Des noms et des dates qui changent
"Il n'y a pas que les noms qui vont et qui viennent, il y a également la date d'origine qui évolue au gré de nouvelles découvertes dans les archives", sourit William von Stockalper qui symbolise à sa manière le renouveau de l’économie veveysanne à travers la gestion d’une entreprise spécialisée dans l’affichage digital. Ces dernières années, la date de fondation est ainsi passée de 1905 à 1899, puis désormais arrêtée à 1898.
Quant au nom de Vevey United, Jean Christinat, ancien membre du comité et fin connaisseur de l’histoire du club, se plaît à rappeler que le club a déjà été appelé de cette manière dans les premières années de son existence à l’issue d’une fusion entre le Lémania FC et le Vevey FC. Dans la même lignée que les clubs créés outre-Sarine à la fin du XIXe siècle, il était fréquent d'avoir des noms anglophones pour les équipes puisqu’elles étaient souvent mises en place par des étudiants britanniques présents en Suisse. L’équipe veveysanne a même porté le nom de Vevey Young Boys FC pendant un certain temps.
Chapitre 2
Premiers flirts avec le niveau supérieur et soudain… l’arrivée de Monsieur Blazevic
Keystone - STR
Dès les années 1930, le "VS" bénéficie d’un terrain dans le quartier de Copet avec une tribune flambant neuve. Au cours de la première moitié du XXe siècle, Vevey connaît son 1er fait d’armes en rejoignant la 1re ligue (3e division à l’époque) en 1936.

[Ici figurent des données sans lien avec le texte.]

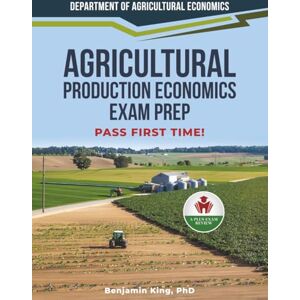 KING PHD, BENJAMIN AGRICULTURAL PRODUCTION ECONOMICS EXAM PREP KING PHD, BENJAMIN AGRICULTURAL PRODUCTION ECONOMICS EXAM PREP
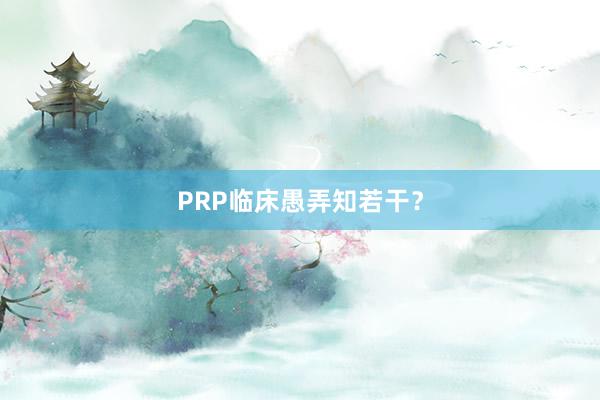 PRP临床愚弄知若干？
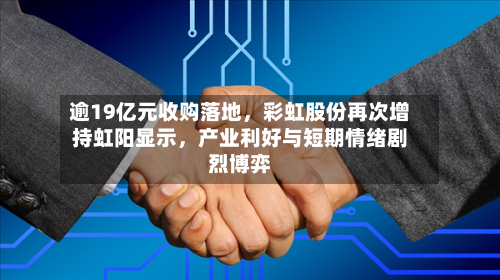 逾19亿元收购落地，彩虹股份再次增持虹阳显示，产业利好与短期情绪剧烈博弈-第2张图片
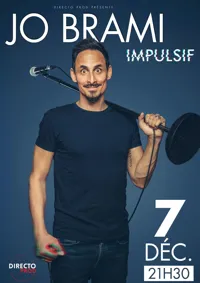 Jo Brami dans Impulsif - 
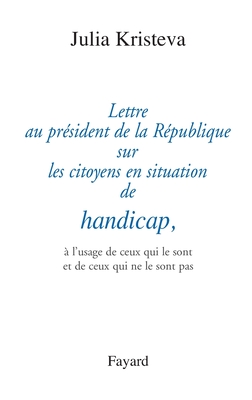 Lettre au prsident de la Rpublique sur les citoyens en situation de handicap, - Kristeva-J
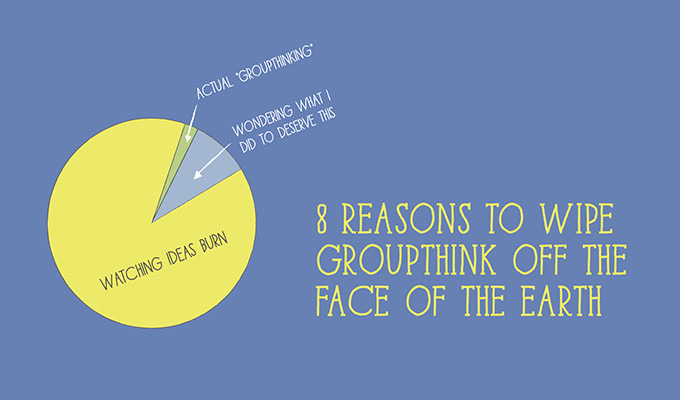 8 Reasons to Wipe Groupthink Off the Face of the Earth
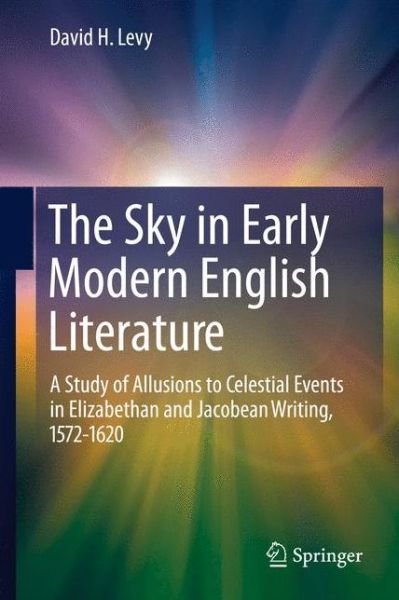 Cover for David H. Levy · The Sky in Early Modern English Literature: A Study of Allusions to Celestial Events in Elizabethan and Jacobean Writing, 1572-1620 (Paperback Bog) [2011 edition] (2014)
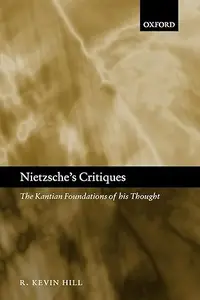 Nietzsche's Critiques: The Kantian Foundations of His Thought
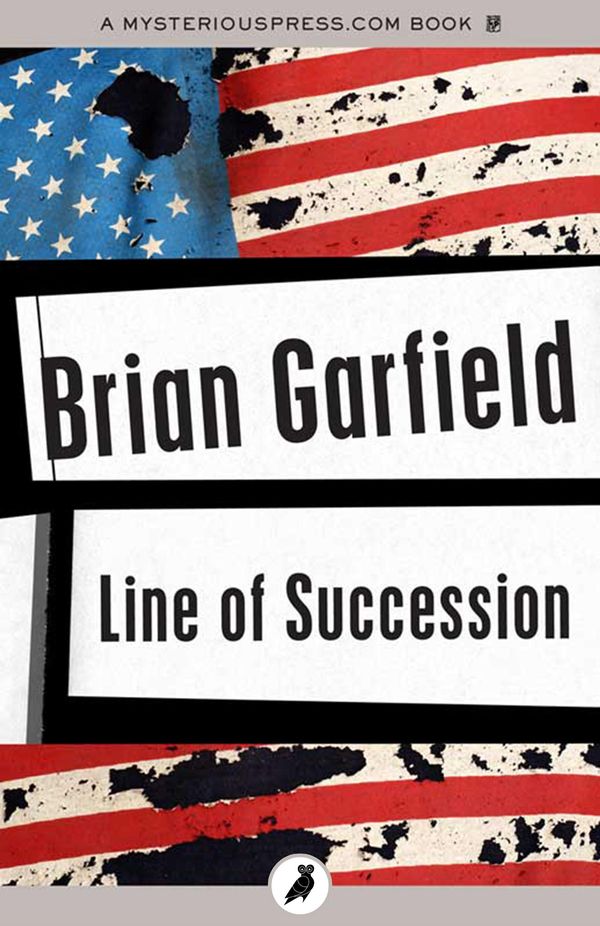 Cover Art for 9781784084448, Line of Succession by Brian Garfield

En 1948, le club atteint pour la 1re fois de son histoire la 2e division du championnat suisse (LNB). Expérience de courte durée puisque la relégation arrive déjà au bout d'une année. Il faudra ensuite attendre 10 ans pour que la formation de la Riviera obtienne une nouvelle promotion en LNB. Elle réussira à s'y maintenir jusqu'en 1964 avant de rejoindre à nouveau l'échelon inférieur.

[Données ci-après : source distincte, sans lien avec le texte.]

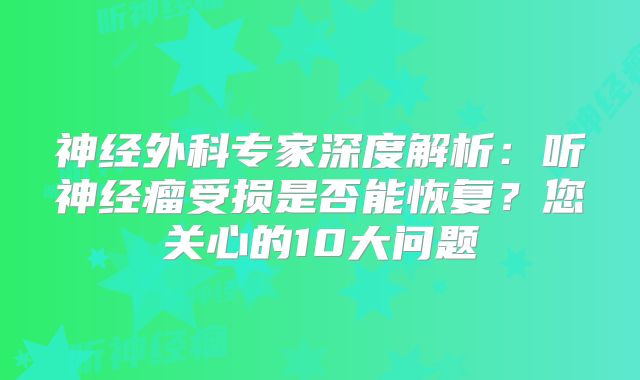 神经外科专家深度解析：听神经瘤受损是否能恢复？您关心的10大问题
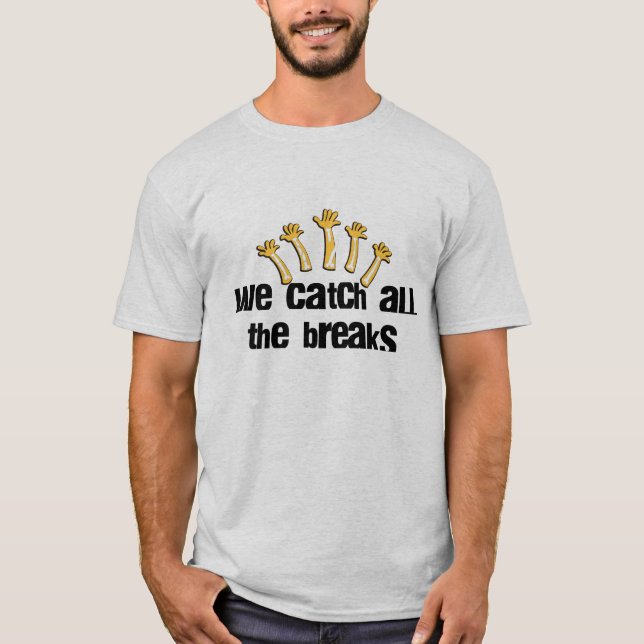 T-shirt Nous attrapons toutes les coupures (Devant)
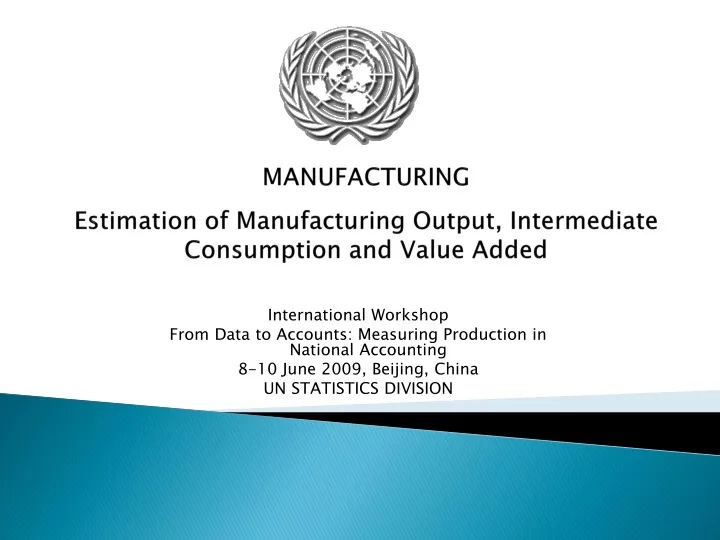 manufacturing estimation of manufacturing output intermediate consumption and value added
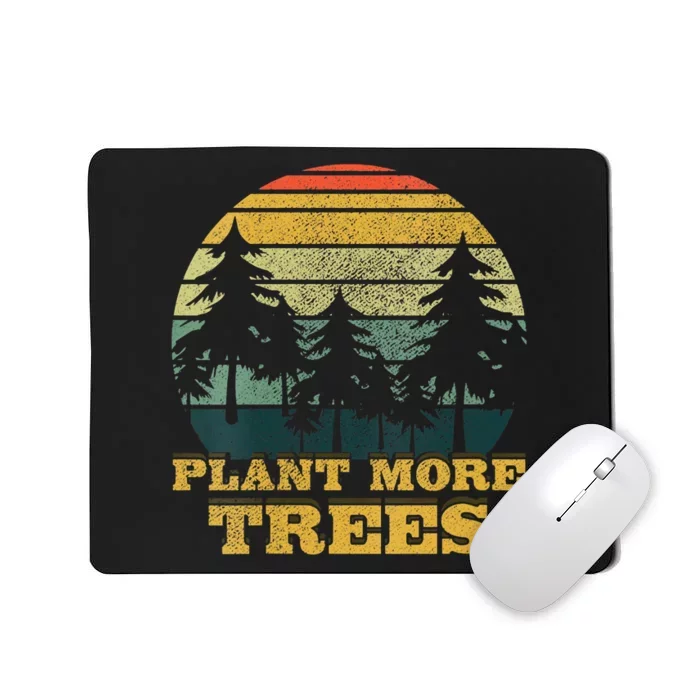 Retro Plant More Trees Earth Day Save Planet Environmental Mousepad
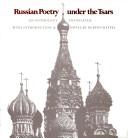 Cover of: Russian poetry under the tsars: an anthology.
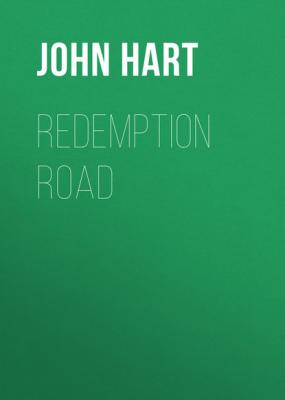 Redemption Road - John Hart 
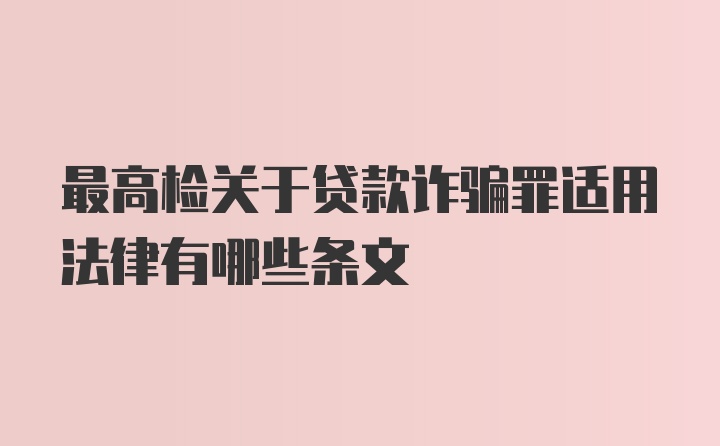 最高检关于贷款诈骗罪适用法律有哪些条文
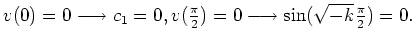 $ v(0) = 0 \longrightarrow c_1 = 0 , v(\frac{\pi}{2}) = 0 \longrightarrow \sin (\sqrt{-k} \frac{\pi}{2}) = 0 .$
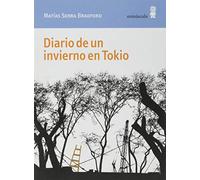 Diario de un invierno en Tokio: 66 (Paisajes narrados)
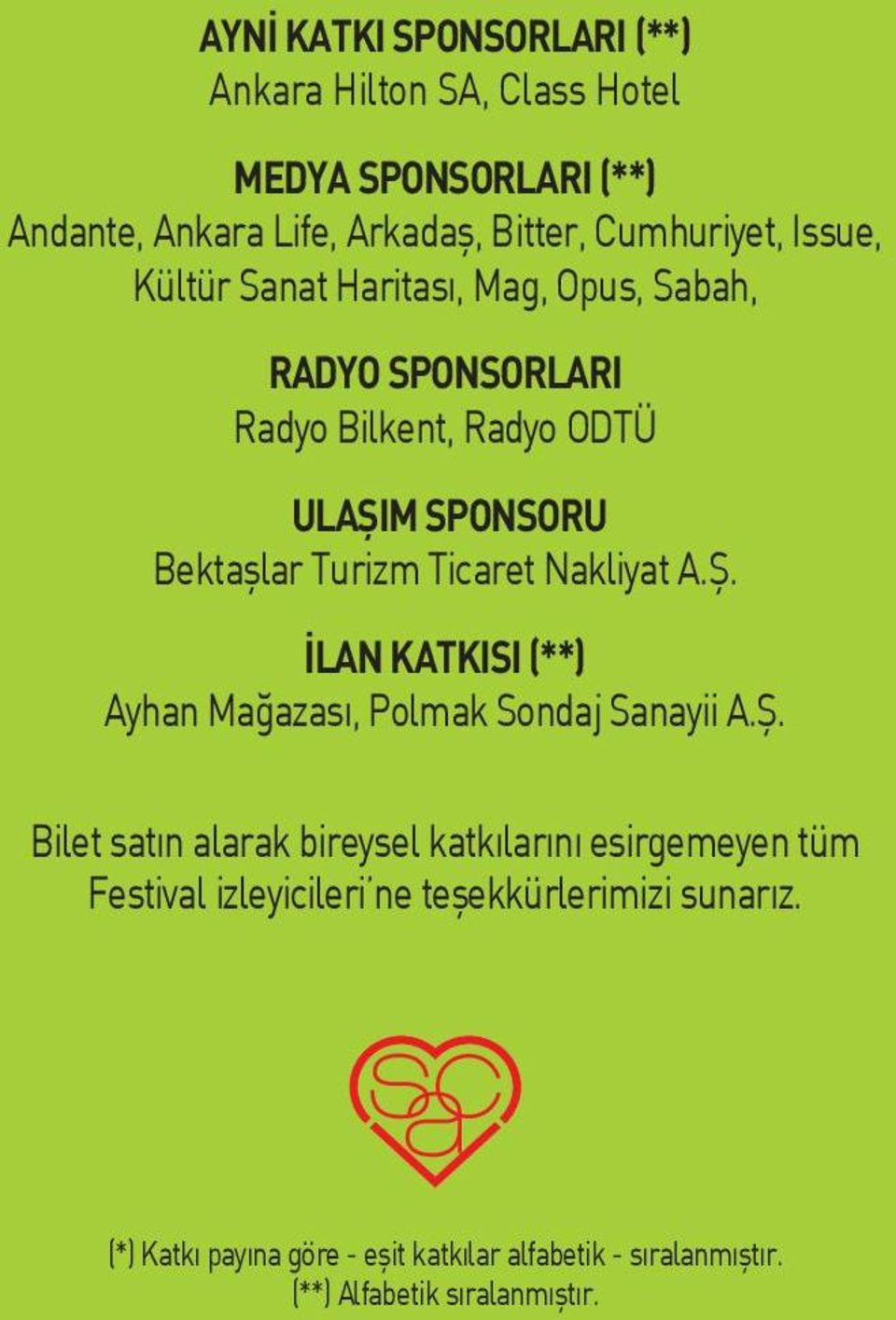 Nakliyat A.Ş. İLAN KATKISI (**) Ayhan Mağazası, Polmak Sondaj Sanayii A.Ş. Bilet sat n alarak bireysel katk lar n esirgemeyen tüm Festival izleyicileri ne teşekkürlerimizi sunar z.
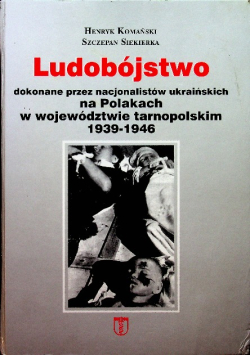 Ludobójstwo dokonane przez nacjonalistów ukraińskich na Polakach w województwie tarnopolskim 1939-1946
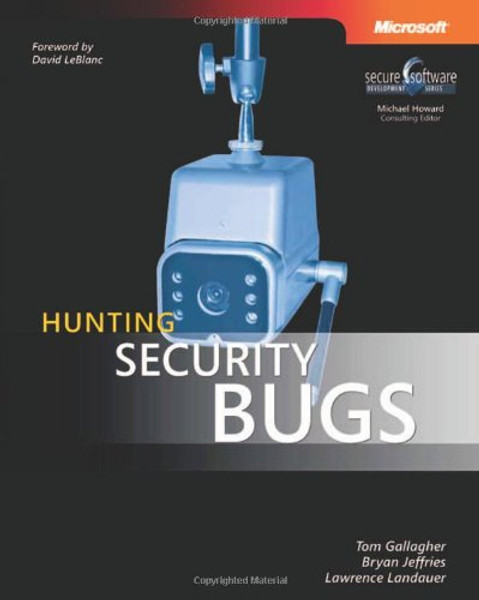 Hunting Security Bugs (Developer Reference)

L’entrée dans les "Sixties" est caractérisée par la création de l’Ecole de football du Vevey-Sports en 1961. "A une époque où chacun est de plus en plus solidaire d’autrui, il est indispensable de développer l’aptitude, le goût et l’envie pour des activités en commun", explique alors Paul Rinsoz, mécène et directeur de la manufacture de tabac Rinsoz-Ormond. Il prendra plus tard les rênes du club et emmènera le Vevey-Sports au sommet avec un autre Paul dont nous reparlerons un peu plus loin...
Un entraîneur qui donne un nouveau visage au club
En juin 1970, Vevey s’apprête à revenir aux affaires en participant aux finales de promotion pour la 2e division en disputant d'abord une confrontation aller-retour contre Moutier. Sur leur pelouse, les joueurs du "VS" font le travail en s'imposant 3-1. Ils confirmeront leur domination en gagnant à l’extérieur sur le score de 3-2. Les voilà qualifiés pour l'ultime round face aux Nidwaldiens de Buochs.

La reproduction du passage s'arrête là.